Bier statt Aktien
„Du kaufst Dir eine Palett’n, säufst Dich an, machst dabei auch noch einen Gewinn – was gibt’s Geileres?“ – der junge Herr, der diese weisen Worte ausspricht, steht vor unserem Enzi im Museumsquartier, trägt eine dieser EdHardy-Kappen, Baggy-Pants und hat einen großen Rucksack mit sich, gefüllt mit kühlstem Ottakringer. Der Typ ist Unternehmer: Das 16er-Blech kauft er im Supermarkt um Cent-Beträge,lädt es in seinen Rucksack und verkauft es an die MQ-Besucher (längst nicht mehr nur Bobos, sondern inzwischen auch normale Menschen) um 1,50 €. Pro Dose macht er also gut einen Euro Gewinn. Und das Geschäft floriert: „Gestern war ich mit einer Palette da, die war schon um 10 Uhr weg; heute habe ich zwei Paletten, auch die habe ich jetzt verkauft“, sagt er. Es ist knapp 11 Uhr, er nippt an seiner Dose: „Jetzt hab ich Feierabend“.
Diesen Sommer sind die Dosen-Verkäufer verstärkt im MQ unterwegs. Mein Gesprächspartner arbeitet mit einem Freund zusammen, sie teilen sich den Gewinn. Gelernt hat er sein Handwerk von einem älteren Lehrmeister, der das Geschäft angeblich schon seit Jahren betreibt und „hier wohl irgendwo in der Gegend wohnt – das ist praktisch, dann kann er von zuhaus‘ immer kühles Bier nachholen.“ Ob die beiden wohl Konkurrenten sind, die Gefahr von Bandenkriegen besteht? „Das habe ich auch anfangs gedacht, aber der sieht das eigentlich ganz gelassen“, sagt er, schaut mich dann aber warnend an: „Komm aber ja nicht selbst auf die Idee, mir das nachzumachen!“
Was bringt die Zukunft?
Was wir schon lange geahnt haben, wird hier anhand eines Fallbeispiels nachgewiesen: Das Investment in Gerstensaft ist rentabler als riskante Aktien-Deals. Aber was sagt die MQ-Gastronomie eigentlich zu dem Thema? Noch sind die Dosen-Männer kleine Fische, die ihr Geschäft versteckt betreiben – früher oder später dürften aber mehr und mehr Besucher es reizvoller finden, sich für 1,50 € das Bier ans Enzi bringen zu lassen, statt sich für 4 € (!) selbst eins holen zu müssen. Und dann ist die Frage, wie sich die Zukunft entwickelt.

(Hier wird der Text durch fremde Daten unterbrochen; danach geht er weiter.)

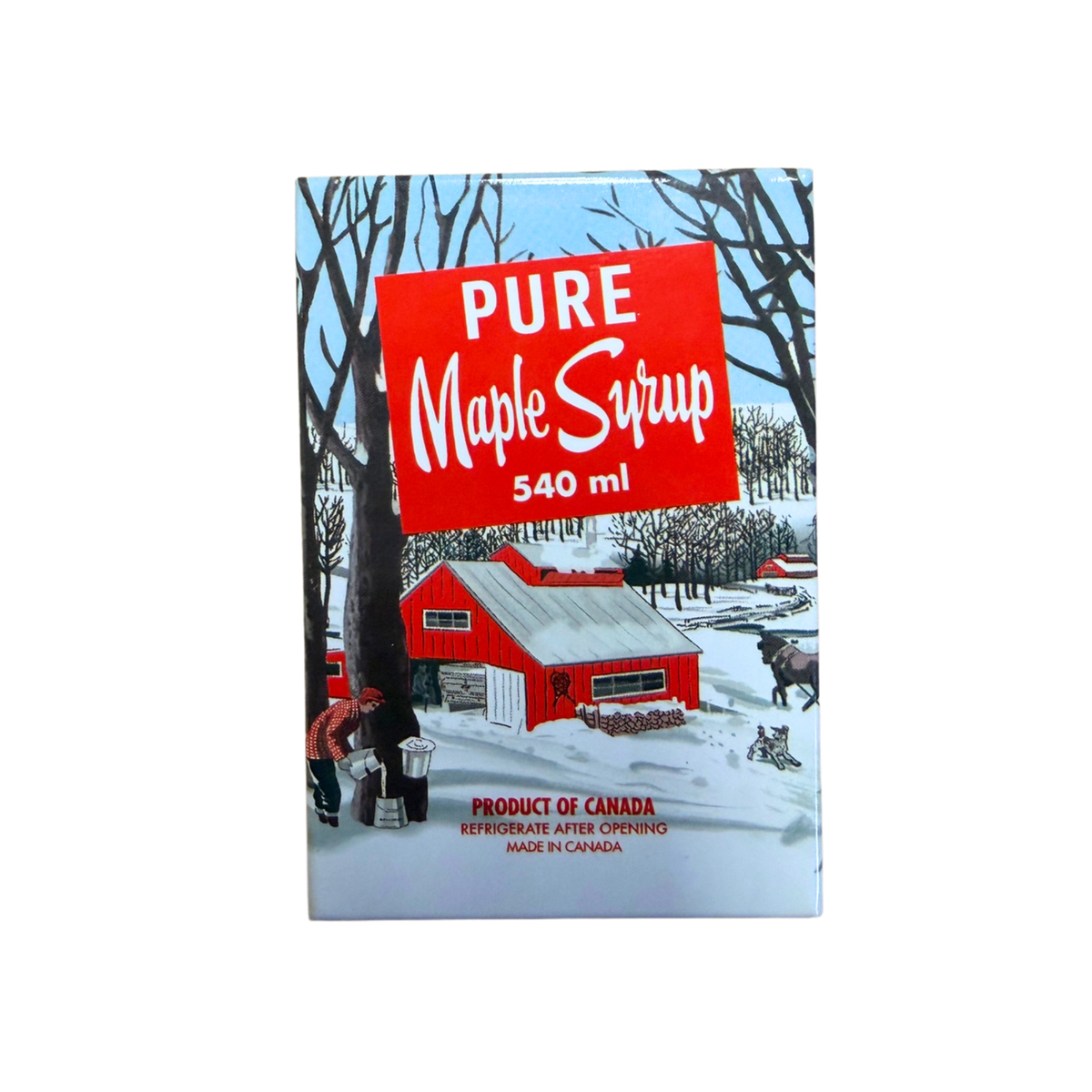 Rigid Souvenir Magnet – Maple Artwork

Dann besteht die Gefahr, dass im MQ verstärkt Securities eingesetzt werden, um den illegalen Bier-Handel zu unterbinden – und das geht auf Kosten der Gemütlichkeit. Wer kann sich schon gepflegt entspannen, wenn um ihn herum eine Razzia läuft?

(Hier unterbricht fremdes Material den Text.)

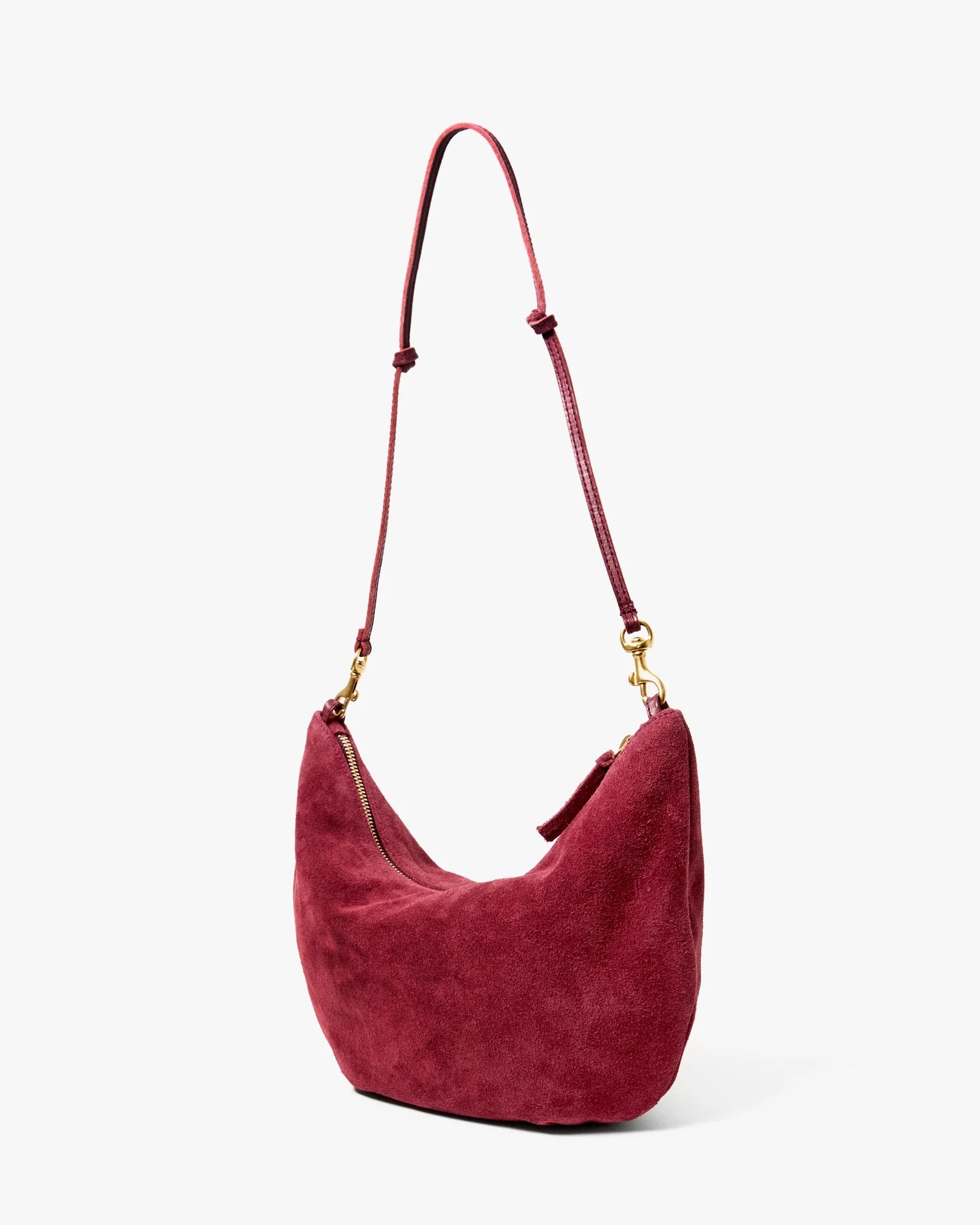Clare V. Lune Currant Suede Bag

Anderes Szenario: Die etablierte Gastronomie lässt die Dosen-Händler gewähren, es gibt eine friedliche Ko-Existenz. Dann würden schon bald weitere Branchen folgen: Es gäbe Semmel-, Snack- und Souvenir-Händler, die ihre Waren den Gästen anbieten. Das hätte dann was von Urlaub, irgendwo östlich von Istanbul. Es wäre ein Atmosphäre-Bonus, von dem auch die etablierte Gastro wieder profitieren würde.
Was die Zukunft in der Hinsicht bringen wird, werden wir sehen. Das MQ ist jedenfalls immer für einen netten Abend und eine Überraschung gut, während Bier immer Bier bleibt. Und mei Bier is ned deppat.